> _YOUR ASSIGNMENT_:
Only one stretch of the records below is wanted: the lines from the one holding "Pantaloni in felpa con fondo a coste" through the one holding "Sheraton Entrance No Smoking sign". Return it exactly, both ends included.

> _SOURCE RECORDS_:

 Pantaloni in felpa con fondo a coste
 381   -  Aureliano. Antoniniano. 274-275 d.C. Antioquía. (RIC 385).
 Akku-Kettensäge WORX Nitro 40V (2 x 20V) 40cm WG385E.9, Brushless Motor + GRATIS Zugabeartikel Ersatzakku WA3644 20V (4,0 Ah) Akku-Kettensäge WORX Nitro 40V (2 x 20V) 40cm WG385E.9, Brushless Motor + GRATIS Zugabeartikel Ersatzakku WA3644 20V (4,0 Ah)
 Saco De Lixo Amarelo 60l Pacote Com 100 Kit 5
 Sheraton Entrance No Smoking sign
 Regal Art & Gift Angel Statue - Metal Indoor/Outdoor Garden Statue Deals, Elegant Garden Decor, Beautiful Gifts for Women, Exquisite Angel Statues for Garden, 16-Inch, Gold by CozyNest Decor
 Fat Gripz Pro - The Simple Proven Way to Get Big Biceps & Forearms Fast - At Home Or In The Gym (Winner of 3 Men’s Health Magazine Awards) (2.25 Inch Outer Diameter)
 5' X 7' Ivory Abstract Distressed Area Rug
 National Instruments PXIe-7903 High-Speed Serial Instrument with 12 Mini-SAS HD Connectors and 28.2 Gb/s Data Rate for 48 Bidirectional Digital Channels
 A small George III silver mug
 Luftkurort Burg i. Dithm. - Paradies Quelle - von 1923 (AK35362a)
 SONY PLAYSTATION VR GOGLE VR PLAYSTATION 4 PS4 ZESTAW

...

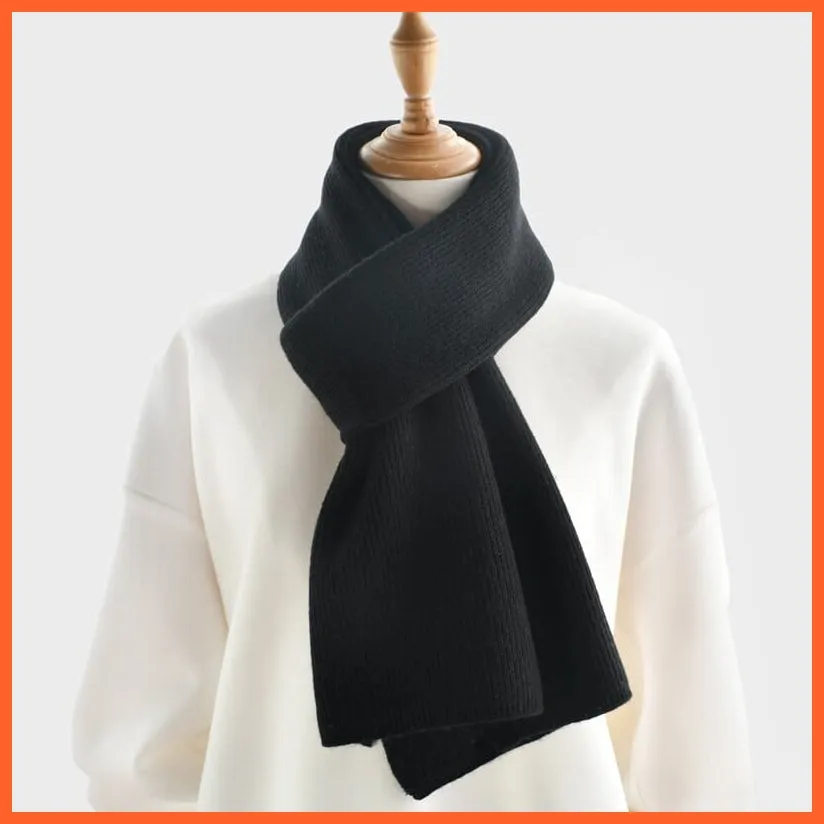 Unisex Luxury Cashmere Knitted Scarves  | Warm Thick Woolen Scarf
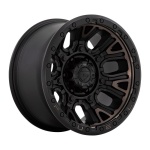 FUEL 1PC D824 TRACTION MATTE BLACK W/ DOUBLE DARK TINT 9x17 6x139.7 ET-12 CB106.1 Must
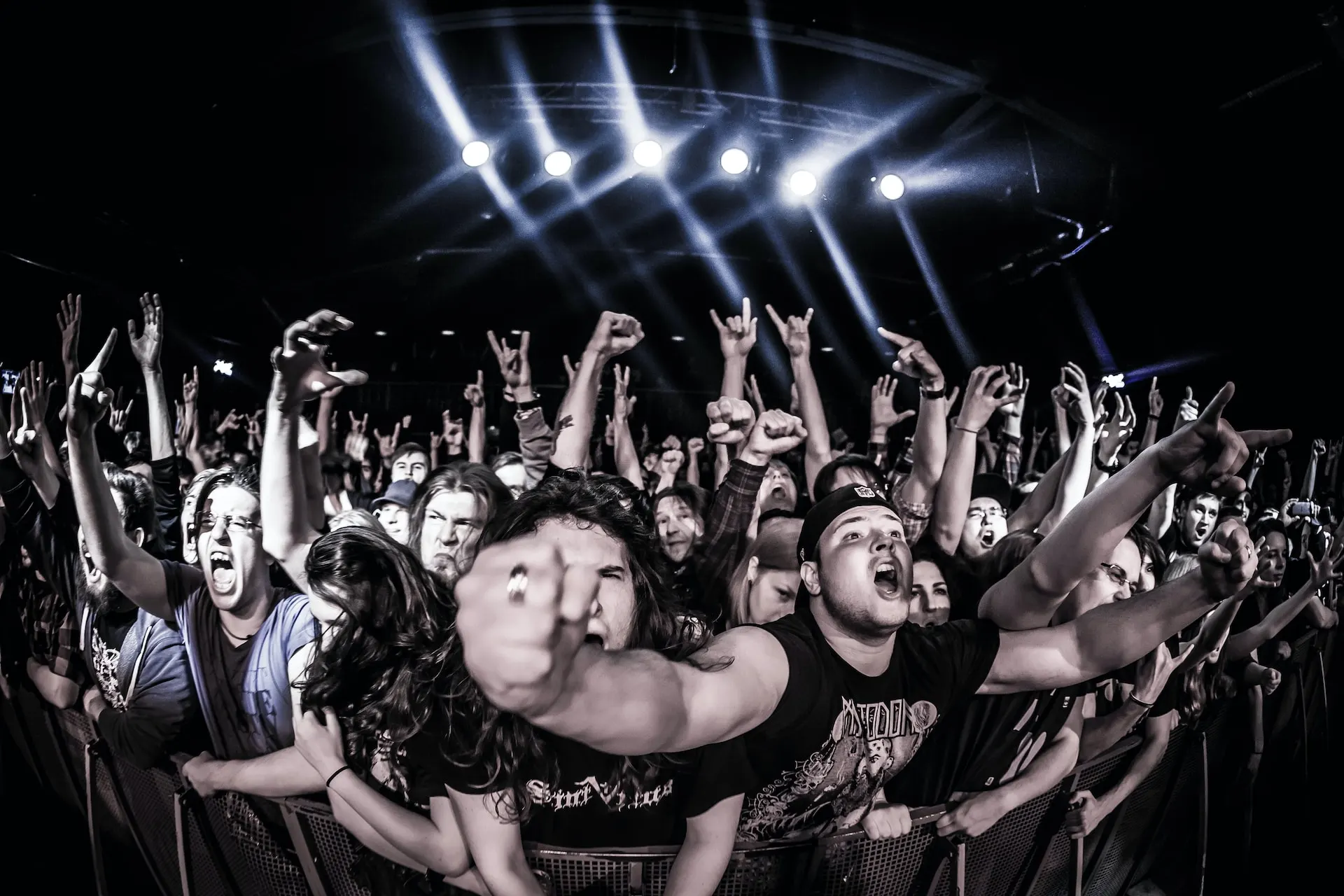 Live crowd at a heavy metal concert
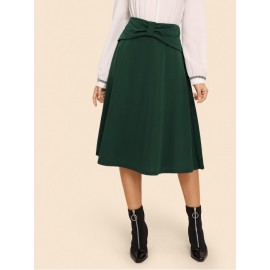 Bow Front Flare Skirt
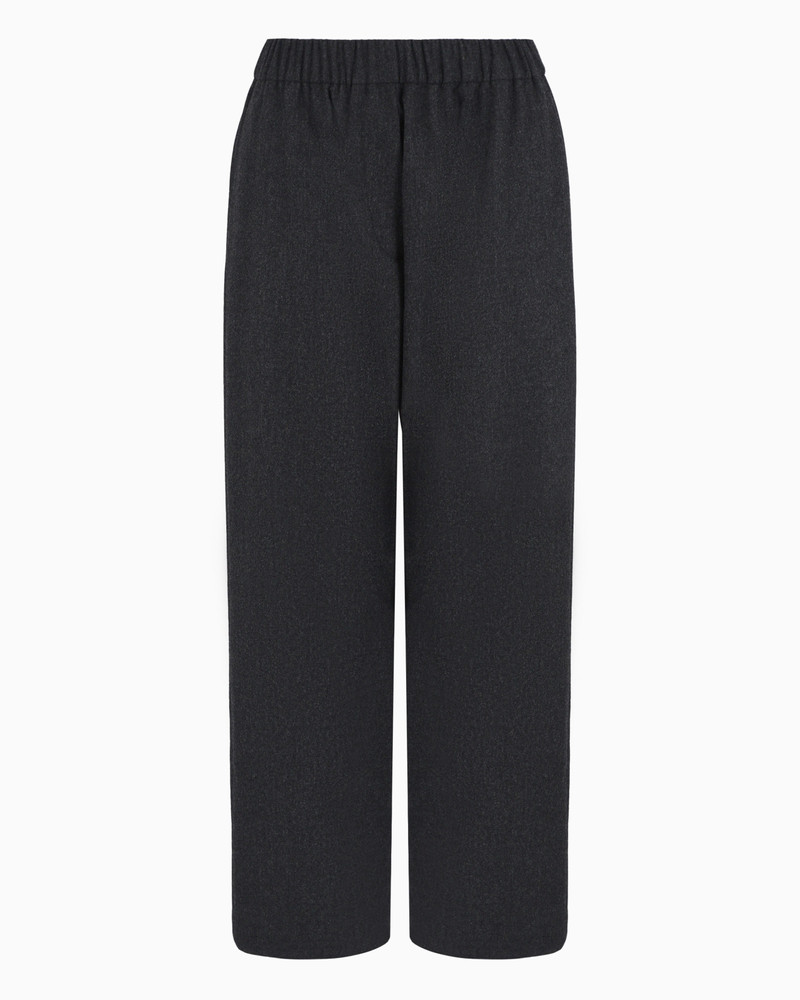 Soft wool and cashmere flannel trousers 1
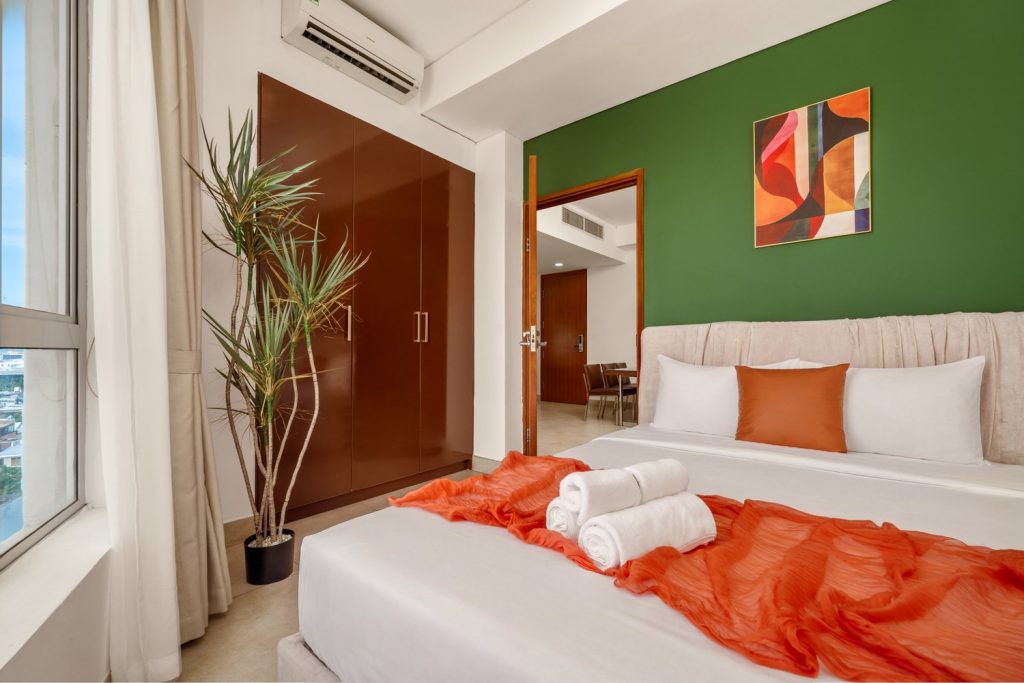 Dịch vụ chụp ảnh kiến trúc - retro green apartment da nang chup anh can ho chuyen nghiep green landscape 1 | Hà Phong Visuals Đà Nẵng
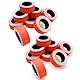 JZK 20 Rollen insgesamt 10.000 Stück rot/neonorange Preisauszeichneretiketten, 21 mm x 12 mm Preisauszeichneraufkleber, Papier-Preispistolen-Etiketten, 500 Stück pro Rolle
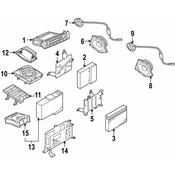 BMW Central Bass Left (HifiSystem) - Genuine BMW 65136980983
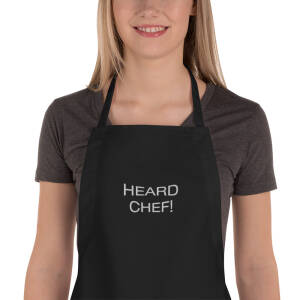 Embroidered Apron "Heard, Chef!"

> _RESULT FOR THIS EXERCISE_:
 Pantaloni in felpa con fondo a coste
 381   -  Aureliano. Antoniniano. 274-275 d.C. Antioquía. (RIC 385).
 Akku-Kettensäge WORX Nitro 40V (2 x 20V) 40cm WG385E.9, Brushless Motor + GRATIS Zugabeartikel Ersatzakku WA3644 20V (4,0 Ah) Akku-Kettensäge WORX Nitro 40V (2 x 20V) 40cm WG385E.9, Brushless Motor + GRATIS Zugabeartikel Ersatzakku WA3644 20V (4,0 Ah)
 Saco De Lixo Amarelo 60l Pacote Com 100 Kit 5
 Sheraton Entrance No Smoking sign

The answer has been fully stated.